‘My fruit is being brought forth to Perfection. I am ripe in Christ. For Truth requires Plainness and Simplicity and my seed is sown. For the sorrowful nights of affliction are over, and the sun is burst upon us.’
Imagine my children what astonishment I received this with, I that was almost stuck fast with cold and could barely see my hand before me in the extremest danger of death and no allaying of the storm in sight with the words of the late service ashen as it were in my mouth and the wind whipping my hood almost threadbare and poor Mr Scablehorne’s span almost up beside me. Imagine my astonishment — nay, even fear — at those fateful words that appeared to me familiar and awful, except that I could not bring myself to imagine that the quaking habit had fallen upon mine own curate and rather imagined that this extremity of exposure had bred in him a kind of despair, or foolishness, and that he was not in his right mind.
And so, not wishing to break the truth of our situation too quick upon him, I put my hand upon his that was without glove upon mine arm and said:
‘It is meet that your thoughts should be filled with sunshine, Mr Kistle, for the inward man is the vital, and is fed by the Scriptures, which are the very Light of life.’
And I reached into mine pocket which was already sodden and bringing out mine holy Book laid his hand upon it and sought the lanthorn and did hold it above the holy Book, that the feeble rays might illumine sufficient to bring my curate out of his distraction.
And I did call out, through the great noise, ‘Herein are all things necessary to the eternal life. Though we cannot read we can lay our hands upon this Truth and think on our sins, and on the Day of Judgement. This shall be as the bread for the hungry, and the wine for the thirsty, and our mantle for the cold, Mr Kistle.’
But he then straightway seized hold of the Book that is the Light of our Lord and the Word of God and the path to our salvation if rightfully understood and inwardly digested, and did pull it violently out of my hands, and did hurl it from me, into the blackness and misery of the night, so that for a moment I was stonied into silence and could utter no word but a sort of gargling.
Bereft as it were of the Word itself, viciously cast into darkness.
And so astonied was I that my fingers let hold of the lanthorn, that straightway rolled across the snow throwing out its light as a wheel till snuffed by that motion.
And all was as blind as in the beginning before the Spirit of our God moved upon the face of the waters.

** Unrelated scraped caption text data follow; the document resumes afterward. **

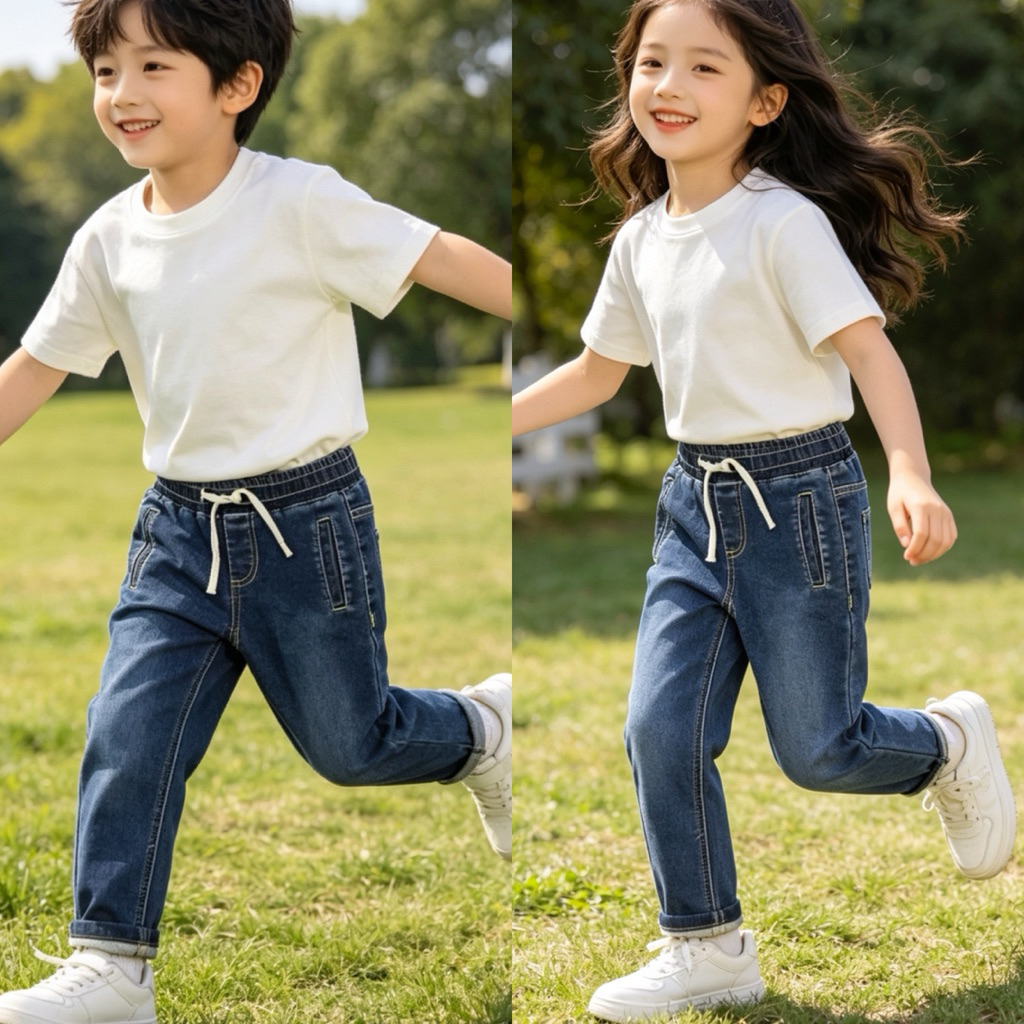 Quần Jean Trẻ Em Unisex Trơn Xuất Dư Form Đẹp D9133 Size 8Y (27-29kg)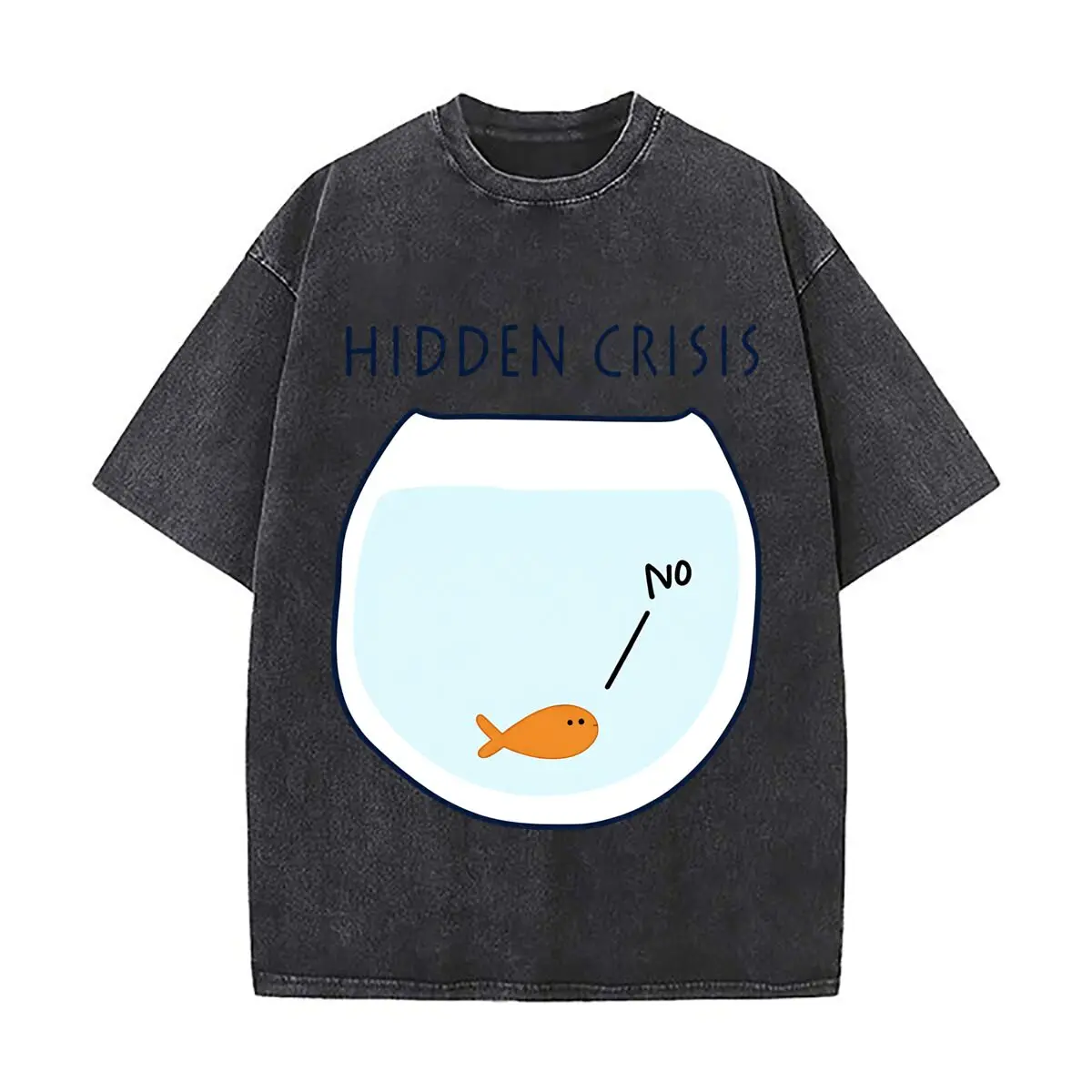 Hidden Crisis No Goldfish Bowl Funny Fish Graphic Distressed Faded Baggy Streetwear Tops for Park Hangouts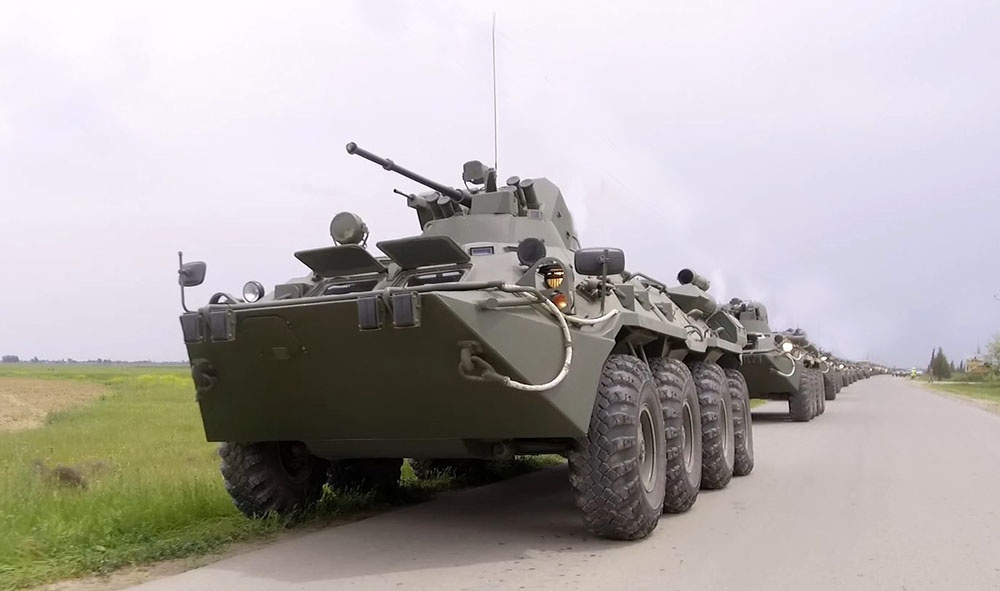 Troops involved in large-scale exercises of Azerbaijani army moving to operational areas (VIDEO)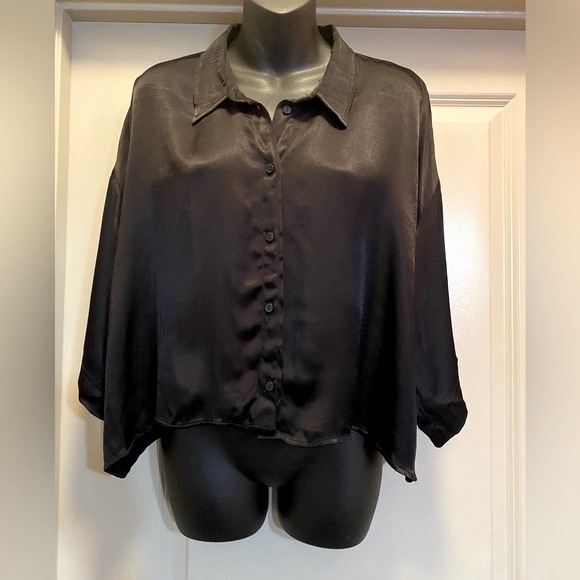 Zara Tops - ZARA Black Satin Effect Viscose Crop Top Shirt XL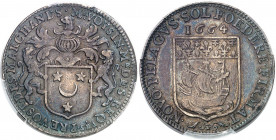 Louis XIV (1643-1715). Jeton pour la création de la Première Compagnie des Indes orientales, au nom de Daniel Voysin, prévôt des marchands de Paris 16...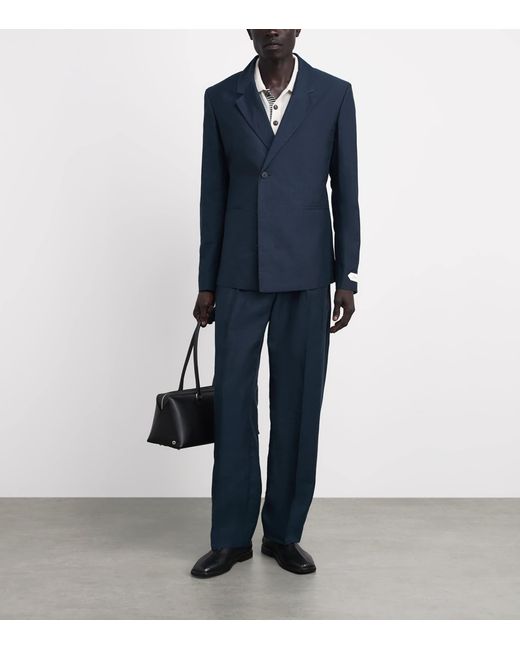 Jacquemus Blue Linen-Blend Melo Blazer for men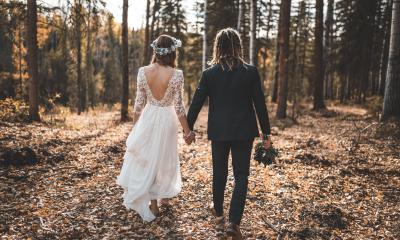 Bride and groom at the Lumberyard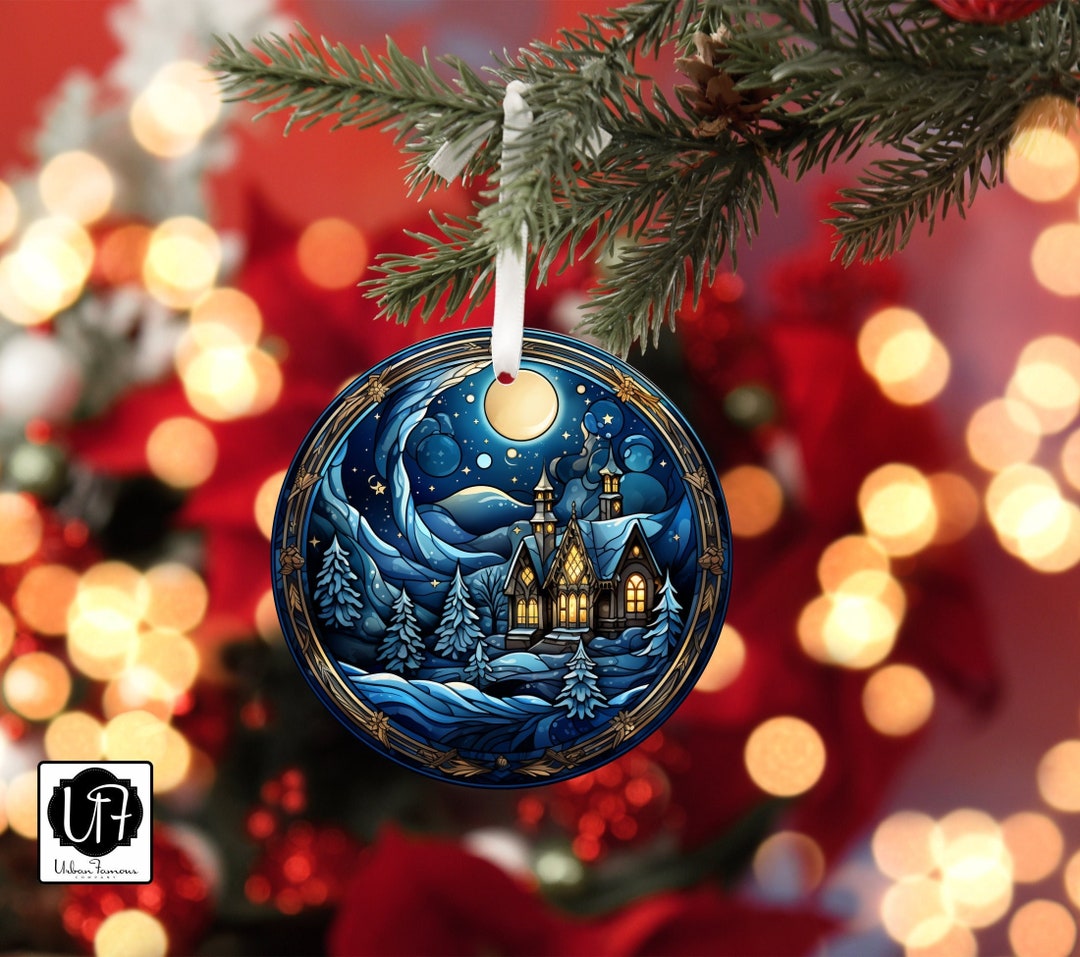 North Pole Christmas Ornament Holiday Decor Faux Stained Glass
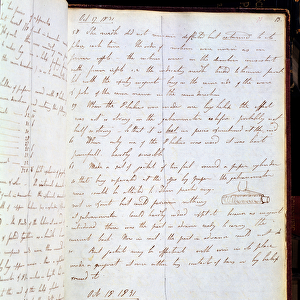Extract from Michael Faradays diary, October 1831 (pen and ink on paper)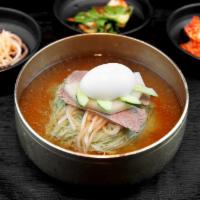 Mul Naengmyeon 물냉면 · Buckwheat noodles in cold broth.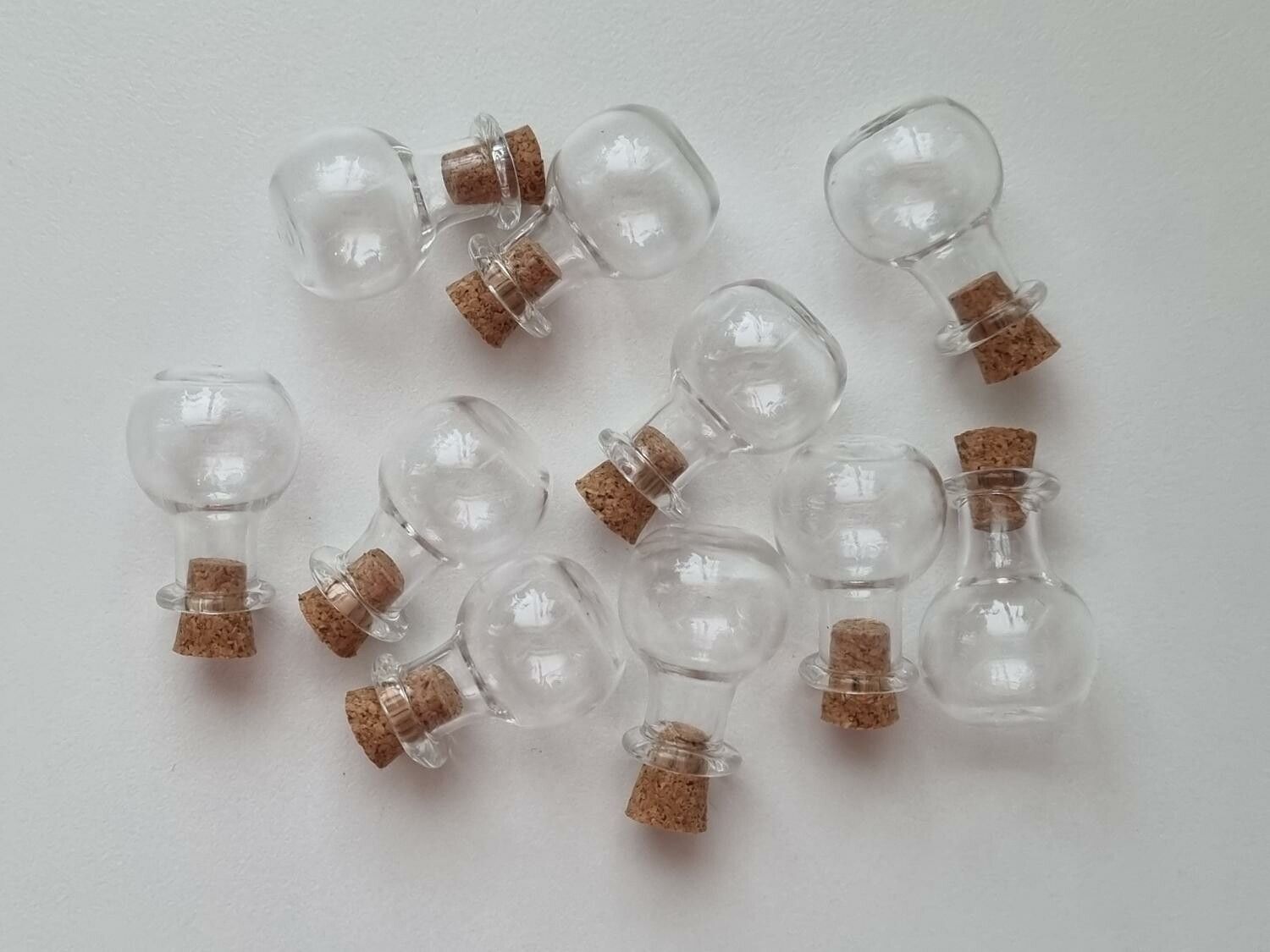 10 st små glasflaskor med kork, flaskor miniatyrer glasburkar (2,4 x 1,6 cm)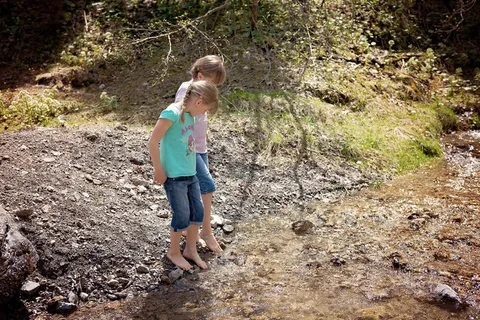 儿童，女孩，巴赫，水，自然，探索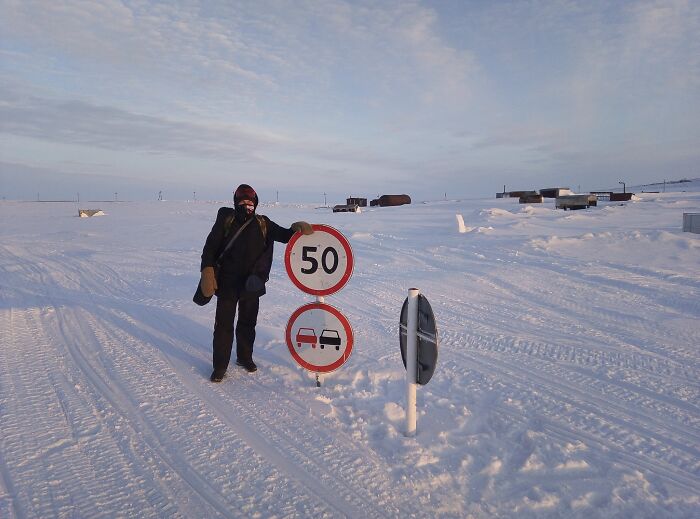 The Usual Level Of Snow In Winter On The Road In Chukotka, Russia
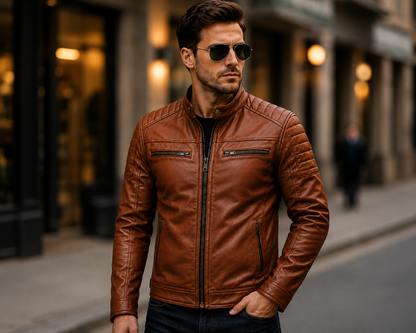 Men's Premium Cognac Brown Leather Biker Jacket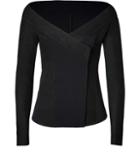 Donna Karan Leather Trimmed Jacket In Black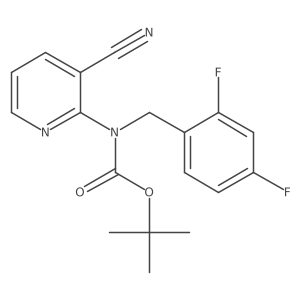 tert-butyl N-(3-cyanopyridin-2-yl)-N-[(2,4-difluorophenyl)methyl]carbamate结构式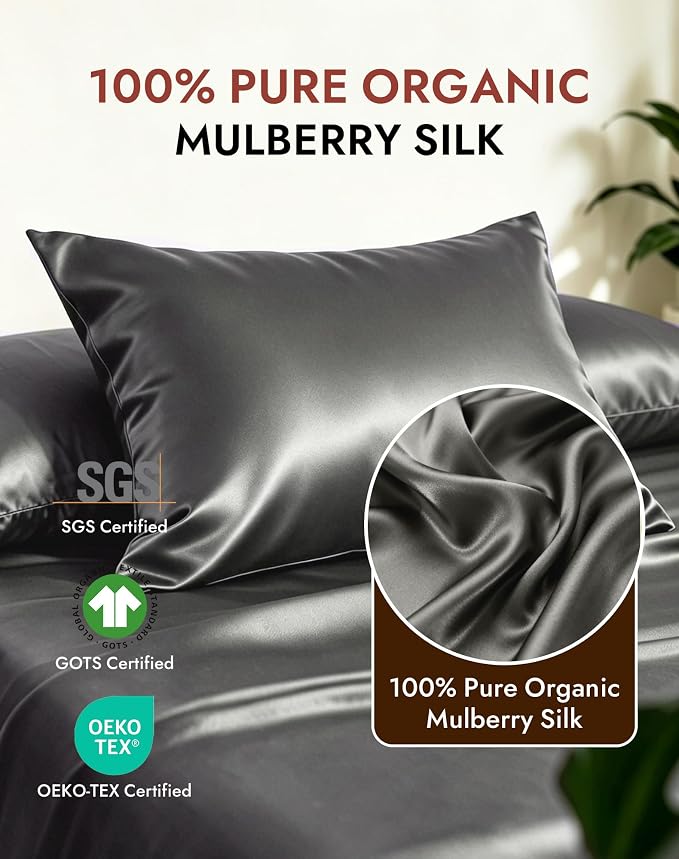 SilkSilky Luxury 30 Momme 100% Pure Organic Mulberry Silk Pillowcase for Hair & Skin, Grade 6A+ Silk Pillow Cases with Hidden Zipper, Cooling Silk for Deep Sleep (Queen 20''x30'', Darkgray)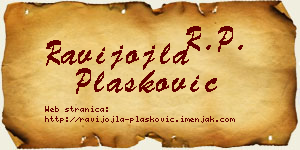 Ravijojla Plasković vizit kartica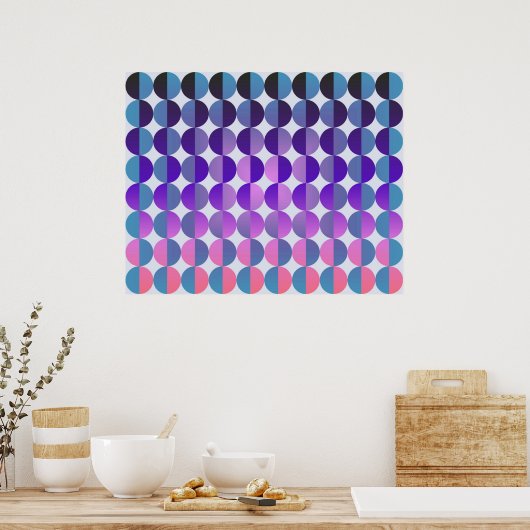 Op Art Big Circles by Halb Blue Lila und Magenta Poster (Küche)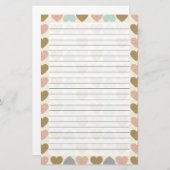 ハート 便箋 (正面/裏面)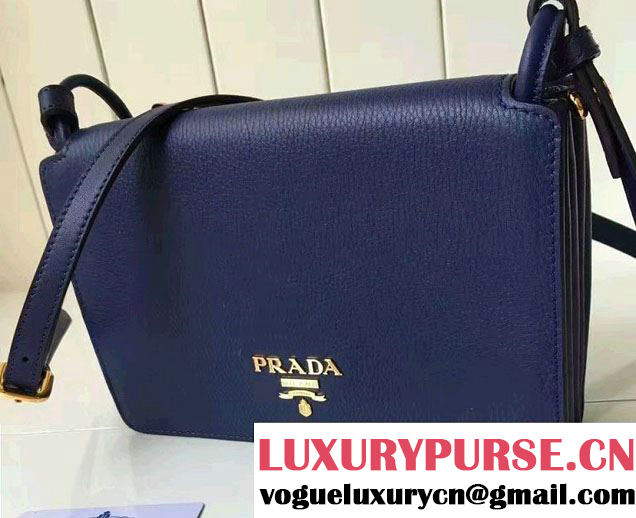 Prada Calf Leather Shoulder Bag 1BH031 Blue 2016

And despite my poor clerk being seized at that moment with a most severe coughing that did send his bloody gob forcefully against my cheek I could not turn to him in mine own extremity, but instantly did hurl myself forward into the night’s blasts, searching upon my knees for our holy Book. But so forcefully buffeted was I by that horrid tempest, that I was cast to the ground and did thereupon weep in the snow for my staff and our salvation. And when I rose again I was as the seed thrown upon the wind hurled hither and thither till my hand alighted upon a cloak of wool, being manna in that desert fastness, which did thereupon crumble to ashes in my mouth when I did handle it further and understand that it was but the frozen carcass of a sheep, withered almost to fleece and bone. Yet so distracted was I that I dragged it towards our poor shelter, and laid the sheep upon Mr Scablehorne’s legs, that had but the thinnest of leggings about them otherwise.
And still in that severe cold the beast did have a smell about it. O let us pray the Day of Judgement doth swiftly come, that our corrupt bodies may put on the mantle of innocence and our black and unwholesome bile be scoured and the blown flies fall away that our flesh and bones may walk cleanly into the house of our Lord.
Then instantly turning and fumbling in that blackness for Mr Kistle’s collar, that I soon found, I tugged him, as it were, out of his exultations.
For wrath is oft just.
‘Mr Kistle,’ cried I, ‘what mean you in throwing from us our holy Book, that is our Staff of Life, we being in such extremity and so near to death as it may be we are?’
And he did shout out, in a high voice:
‘Welcome the Resurrection! The Scriptures are but the way not the means!’
And I replied, in a trembling voice:
‘They are the Word of God, Mr Kistle!’
And he cried out again:
‘Worms might have God’s Word for supper, I say! Welcome the Resurrection!’
‘What are they then, Mr Kistle, if not the Word of God?’
‘Christ is within us! Open thyself and be free! Cast off! Cast off! Welcome the Resurrection!’
And other such roarings.
Then hanging though he was from my grip upon his collar, he did bring his mouth to mine ear, so that I could smell the sourness of his feeble breath, and uttered, quite certain of his wits, the following:
‘The Scriptures are but the declaration of the stipulations of the Saints, Mr Brazier. Let the worm now have them. Open thyself and be free.’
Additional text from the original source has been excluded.